Purpose of the Ureteral Stent
The role of the ureteral stent is to bypass any obstruction that prevents urine from flowing freely from the kidney to the bladder. A kidney stone lodged in the ureter causes pain and pressure, and the stent creates a temporary conduit around the blockage. This immediately relieves the pressure buildup in the kidney, a condition known as hydronephrosis.
Stents are also placed immediately after surgical procedures for kidney stones, such as ureteroscopy. The passage of instruments can cause the ureter lining to swell and become inflamed. The presence of the stent holds the ureter open, preventing collapse and ensuring that stone fragments, blood clots, and urine can still pass through while the ureter heals.
In cases where a severe kidney infection is present alongside a stone blockage, a stent is placed urgently to drain infected urine and decompress the kidney. This urgent drainage is considered a life-saving measure.
Factors Determining How Long the Stent Stays In
The duration a ureteral stent remains in place depends on the specific reason for its insertion, ranging from a few days to several weeks. A common timeframe following a routine stone procedure is usually between three to seven days. The physician determines the necessary dwell time based on the patient’s healing timeline and the nature of the urinary tract injury.
The type of procedure performed is a variable in the duration of stenting. If a stent is placed temporarily to drain an infected kidney, it may only remain for a few days to stabilize the patient. Conversely, after a complex ureteroscopy or if the ureter lining was injured, the stent may remain for one to two weeks to ensure adequate healing.
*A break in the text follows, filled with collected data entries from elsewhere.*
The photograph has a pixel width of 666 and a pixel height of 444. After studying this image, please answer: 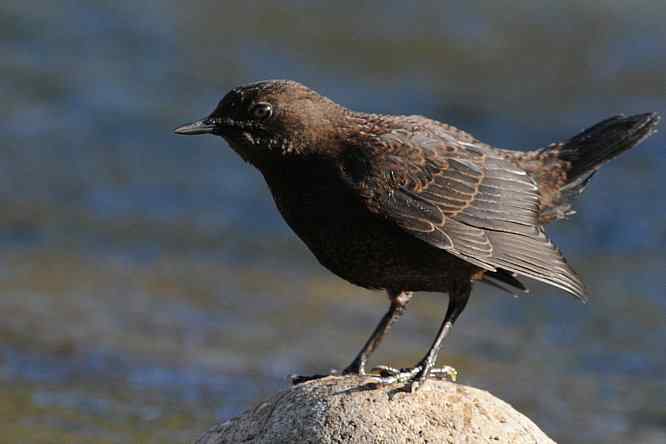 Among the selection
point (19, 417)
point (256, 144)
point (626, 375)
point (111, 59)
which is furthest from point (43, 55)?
point (256, 144)

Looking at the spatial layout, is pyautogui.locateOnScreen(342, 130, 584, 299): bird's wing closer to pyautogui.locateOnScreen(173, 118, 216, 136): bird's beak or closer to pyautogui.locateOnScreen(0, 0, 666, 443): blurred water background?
pyautogui.locateOnScreen(173, 118, 216, 136): bird's beak

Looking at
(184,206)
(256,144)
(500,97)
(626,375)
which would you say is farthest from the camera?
(500,97)

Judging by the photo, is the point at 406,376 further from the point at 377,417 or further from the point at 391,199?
the point at 391,199

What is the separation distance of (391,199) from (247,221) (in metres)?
6.25

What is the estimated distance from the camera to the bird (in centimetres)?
596

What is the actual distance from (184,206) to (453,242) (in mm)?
6699

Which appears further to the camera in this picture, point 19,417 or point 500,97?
point 500,97

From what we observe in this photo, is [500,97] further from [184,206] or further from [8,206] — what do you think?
[8,206]

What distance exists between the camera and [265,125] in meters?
6.07

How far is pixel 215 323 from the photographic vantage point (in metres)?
10.4

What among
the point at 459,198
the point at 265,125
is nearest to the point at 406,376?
the point at 459,198

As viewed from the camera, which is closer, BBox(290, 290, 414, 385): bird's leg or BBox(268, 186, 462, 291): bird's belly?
BBox(268, 186, 462, 291): bird's belly

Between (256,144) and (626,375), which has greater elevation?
(626,375)

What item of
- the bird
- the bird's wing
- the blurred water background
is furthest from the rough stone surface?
the blurred water background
Another consideration is the status of the stone fragments; if the stone was broken up into small pieces that need time to pass, the stent will stay in longer to facilitate this process. The risk of the stent developing encrustation, where mineral deposits accumulate on the tube, increases the longer it stays in the body.
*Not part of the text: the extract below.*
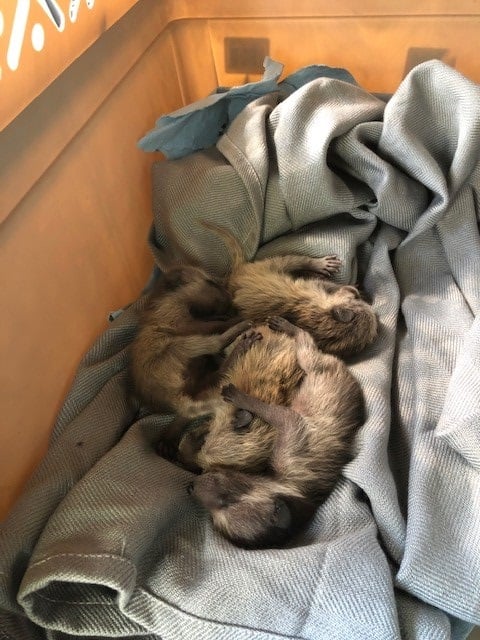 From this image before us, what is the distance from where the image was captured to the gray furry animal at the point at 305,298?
1.54 m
Stents are rarely left in for more than a few months without a plan for replacement or removal, as encrustation makes removal more complicated and can damage the ureter. Leaving a stent in longer than the prescribed period significantly raises the risk of complications. Stent encrustation can occur in nearly three-quarters of stents left in past 12 weeks, which can necessitate an additional, more invasive procedure to remove the calcified tube.
The Stent Removal Process
The removal of the ureteral stent is generally a quick outpatient procedure, with the method depending on whether the stent was placed with an extraction string. If the stent was placed for a short duration, it may have a thin string attached that extends out through the urethra. The string allows the patient or a healthcare provider to gently pull the stent out in the office or at home.
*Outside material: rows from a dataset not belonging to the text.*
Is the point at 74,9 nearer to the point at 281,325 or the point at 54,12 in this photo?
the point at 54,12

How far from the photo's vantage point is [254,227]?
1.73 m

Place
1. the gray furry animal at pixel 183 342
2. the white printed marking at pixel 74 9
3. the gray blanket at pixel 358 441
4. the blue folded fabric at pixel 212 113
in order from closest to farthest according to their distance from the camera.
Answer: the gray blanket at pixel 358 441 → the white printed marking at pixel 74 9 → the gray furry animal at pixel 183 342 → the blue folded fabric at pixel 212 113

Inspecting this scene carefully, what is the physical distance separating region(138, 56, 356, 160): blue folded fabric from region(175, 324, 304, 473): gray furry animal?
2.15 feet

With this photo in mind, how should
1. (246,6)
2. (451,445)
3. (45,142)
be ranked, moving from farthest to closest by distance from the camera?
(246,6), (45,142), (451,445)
For stents that were in place for a longer period and do not have an external string, removal requires a procedure called cystoscopy. During this process, the physician inserts a thin, flexible scope through the urethra into the bladder. The scope allows the doctor to visualize the coiled end of the stent and grasp it with a small instrument before gently pulling it out.
Patients typically report a brief moment of discomfort or a pulling sensation during the removal. Following removal, it is common to experience a temporary increase in urinary urgency or frequency, along with possible blood in the urine (hematuria). These temporary symptoms usually resolve within 24 hours as the urinary tract adjusts.